Double hashing using open addressing

•      You have two hash functions H1(key) and H2(key)

•      The second hash function tells you what the probe increment must be

•      One way to use the double hash functions

–    Used only when in a collision

New_index = [H1(key) + H2(key) ] mod N

Example:

H1(key) = key mod 23; H2(key) = 1 + key mod 21;

Add these keys to the hash table

3, 4, 5, 26, 6, 7, 23, 16, 39, 17, 22,  55

 

Removing and searching

•      With open addressing, removing an item can cause a real problem

•      As long as no items are removed, searching takes the same path as inserting.

•      The search starts at the index hashed to by the key.

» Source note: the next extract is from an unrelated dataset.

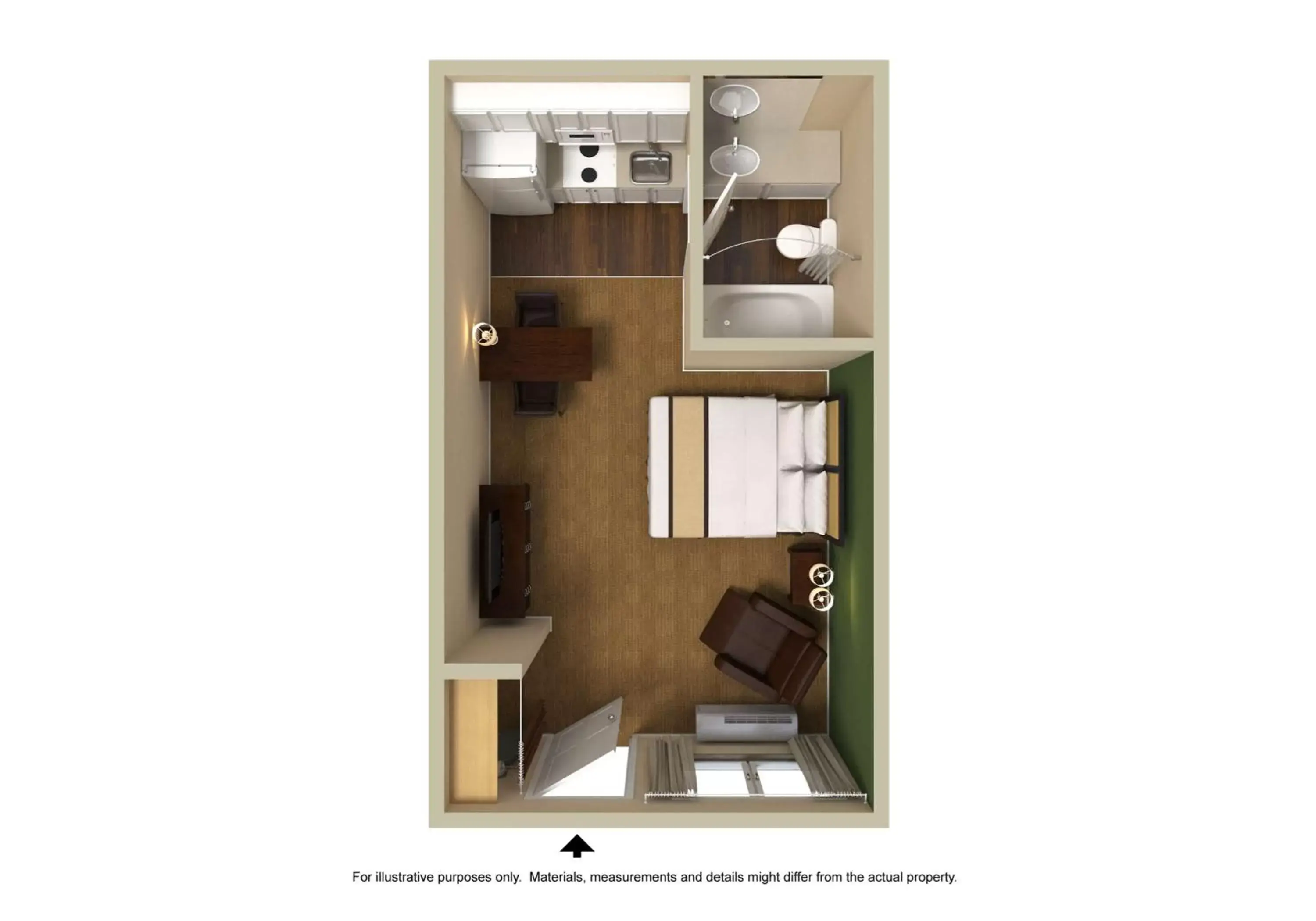 Bedroom, Floor Plan in Extended Stay America Suites - Cincinnati - Springdale - I-275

–    If the key is not found at that index, it searches sequentially until it either finds the key, or finds an empty slot

–    If the item is not found by the time it finds the empty slot, it is assumed that key is not in the array.

 

Removal with open addressing

•      If an item has been removed, a search may find an empty slot that the insert did not.

–   Thus it will stop the search too soon

•      One way to solve this is to have three states for each slot in the array

–   Empty

–   Occupied with data

–   Available because data has been removed

•      There are various ways to implement this, depending on what the key is

 

Collision resolution by chaining

–   The hash table is an index into an array of linked lists

–   Each key that hashes to a certain index is kept in a linked list pointed to by that index

Inserting  with chaining

–   First, find the index with hashing

–   Next, search the list to see if already in list

–   If new, insert either at beginning or end of list (programmer choice)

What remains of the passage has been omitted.